In reply the Applicant’s Counsel submitted the issue of first exhausting remedies under the East African Community Customs Management Act, 2004, is not applicable because the action complained of by the Applicant was not taken by the Respondent in compliance with or pursuant to the East African Community Customs Management Act, 2004. The Act does not provide for arbitrary confiscation of an importers cargo.

Section 230 of East African Community Customs Management Act, 2004 as submitted only applies where there has been a decision and the aggrieved party wants to appeal the decision. In this case there was no decision to be appealed against. If there is a decision it has to be made and communicated. No where does the Act provide for arbitrary confiscation of importers cargo. The application is premised on the ground that no reason was given for the confiscation. The Act provides for an appeal to the Tax Appeals Tribunal. The Applicant is not dissatisfied with a decision relating to tax matters. The issue of tax does not arise and there is no way he could have appealed to the Tax Tribunal. Section 19 (1) of the Tax Appeal Tribunal Act is about a taxation decision.

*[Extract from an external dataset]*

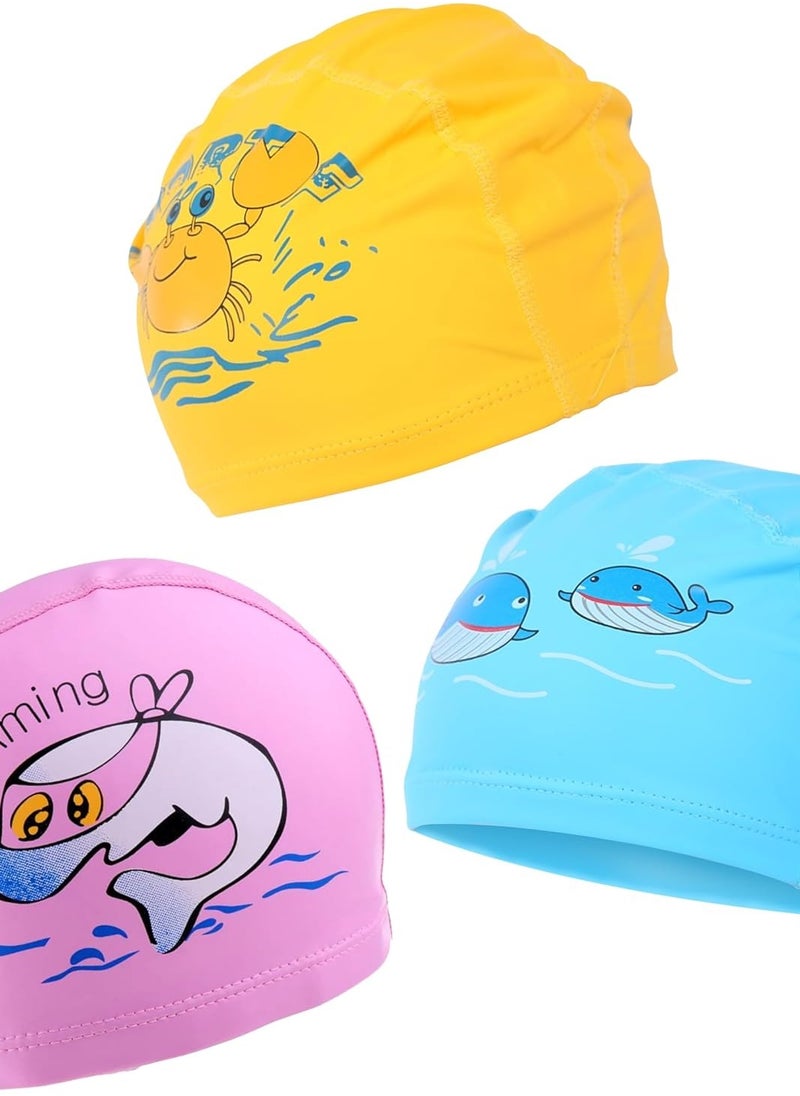 ENDLESS  Kids Fun Swimming Cap Set – 3-Pack Soft & Stretchy Silicone Swim Caps | Soft, Stretchy & Leak-Proof | Fun Colors for Boys & Girls | Perfect for Pool and Beach | Blue, Pink, Yellow  - Image 1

The Applicant wrote to the Commissioner customs but the Commissioner did not advance any reasons for confiscation of the Applicant’s property. Had he done so, the Applicant would have considered the option of appeal. The cases cited by the Respondent’s Counsel do not apply to the Applicant’s case and the preliminary objection ought to be overruled with costs.

In rejoinder the Respondents Counsel submitted that section 214 (1) East African Community Customs Management Act, 2004 provides that where goods are seized or in the case of the officer effecting seizure, he or she shall give reasons therefore within one month. With reference to the affidavit in reply, the Applicant wrote to the Respondent on 12th of May 2014 demanding for the consignment. On 19th May 2014 the Respondent replied giving the reasons for confiscation. The Act provides for 30 days within which the Commissioner should make and communicate his or her decision. 30 days have not yet elapsed and the application is premature and ought to be dismissed with costs.

Ruling

I have carefully considered the Applicants application, the affidavit evidence, the submissions of Counsel and authorities cited.

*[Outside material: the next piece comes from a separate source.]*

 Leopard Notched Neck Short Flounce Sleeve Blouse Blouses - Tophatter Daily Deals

The question before the court is whether this action can be maintained on the ground that it is premature, the Applicant having failed to utilise and exhaust the procedures provided for under the East African Community Customs Management Act, 2004.

Before launching into the issue as submitted by Counsel, I must observe that this Miscellaneous Cause was filed under section 98 of the Civil Procedure Act which saves the inherent powers of the court. Section 98 of the Civil Procedure Act provides as follows:

"Nothing in this Act shall be deemed to limit or otherwise affect the inherent power of the court to make such orders as may be necessary for the ends of justice or to prevent abuse of the process of the court."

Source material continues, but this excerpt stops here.